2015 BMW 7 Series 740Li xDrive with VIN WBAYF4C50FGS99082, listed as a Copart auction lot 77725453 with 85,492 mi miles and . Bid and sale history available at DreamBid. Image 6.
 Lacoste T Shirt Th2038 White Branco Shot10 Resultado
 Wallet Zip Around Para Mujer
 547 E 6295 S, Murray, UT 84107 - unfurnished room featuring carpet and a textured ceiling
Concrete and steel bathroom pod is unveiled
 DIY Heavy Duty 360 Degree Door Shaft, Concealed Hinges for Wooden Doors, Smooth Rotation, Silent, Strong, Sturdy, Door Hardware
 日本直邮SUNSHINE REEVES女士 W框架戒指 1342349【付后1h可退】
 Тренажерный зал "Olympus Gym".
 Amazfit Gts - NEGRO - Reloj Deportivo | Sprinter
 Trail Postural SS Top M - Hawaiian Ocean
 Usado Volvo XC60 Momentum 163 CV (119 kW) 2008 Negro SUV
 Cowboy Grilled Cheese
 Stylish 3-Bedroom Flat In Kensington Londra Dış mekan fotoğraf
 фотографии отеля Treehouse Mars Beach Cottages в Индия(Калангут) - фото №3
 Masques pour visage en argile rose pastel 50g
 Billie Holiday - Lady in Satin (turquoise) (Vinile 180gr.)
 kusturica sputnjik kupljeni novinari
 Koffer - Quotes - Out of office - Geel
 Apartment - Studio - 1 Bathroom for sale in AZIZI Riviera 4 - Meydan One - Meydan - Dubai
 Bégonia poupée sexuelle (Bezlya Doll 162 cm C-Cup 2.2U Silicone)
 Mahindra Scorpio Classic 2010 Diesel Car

┄┄┄┄┄┄┄┄┄┄┄┄┄┄┄┄┄┄┄┄

Problem description: What is needed is each line of the data, printed exactly.

Answer for the task:
2015 BMW 7 Series 740Li xDrive with VIN WBAYF4C50FGS99082, listed as a Copart auction lot 77725453 with 85,492 mi miles and . Bid and sale history available at DreamBid. Image 6.
 Lacoste T Shirt Th2038 White Branco Shot10 Resultado
 Wallet Zip Around Para Mujer
 547 E 6295 S, Murray, UT 84107 - unfurnished room featuring carpet and a textured ceiling
Concrete and steel bathroom pod is unveiled
 DIY Heavy Duty 360 Degree Door Shaft, Concealed Hinges for Wooden Doors, Smooth Rotation, Silent, Strong, Sturdy, Door Hardware
 日本直邮SUNSHINE REEVES女士 W框架戒指 1342349【付后1h可退】
 Тренажерный зал "Olympus Gym".
 Amazfit Gts - NEGRO - Reloj Deportivo | Sprinter
 Trail Postural SS Top M - Hawaiian Ocean
 Usado Volvo XC60 Momentum 163 CV (119 kW) 2008 Negro SUV
 Cowboy Grilled Cheese
 Stylish 3-Bedroom Flat In Kensington Londra Dış mekan fotoğraf
 фотографии отеля Treehouse Mars Beach Cottages в Индия(Калангут) - фото №3
 Masques pour visage en argile rose pastel 50g
 Billie Holiday - Lady in Satin (turquoise) (Vinile 180gr.)
 kusturica sputnjik kupljeni novinari
 Koffer - Quotes - Out of office - Geel
 Apartment - Studio - 1 Bathroom for sale in AZIZI Riviera 4 - Meydan One - Meydan - Dubai
 Bégonia poupée sexuelle (Bezlya Doll 162 cm C-Cup 2.2U Silicone)
 Mahindra Scorpio Classic 2010 Diesel Car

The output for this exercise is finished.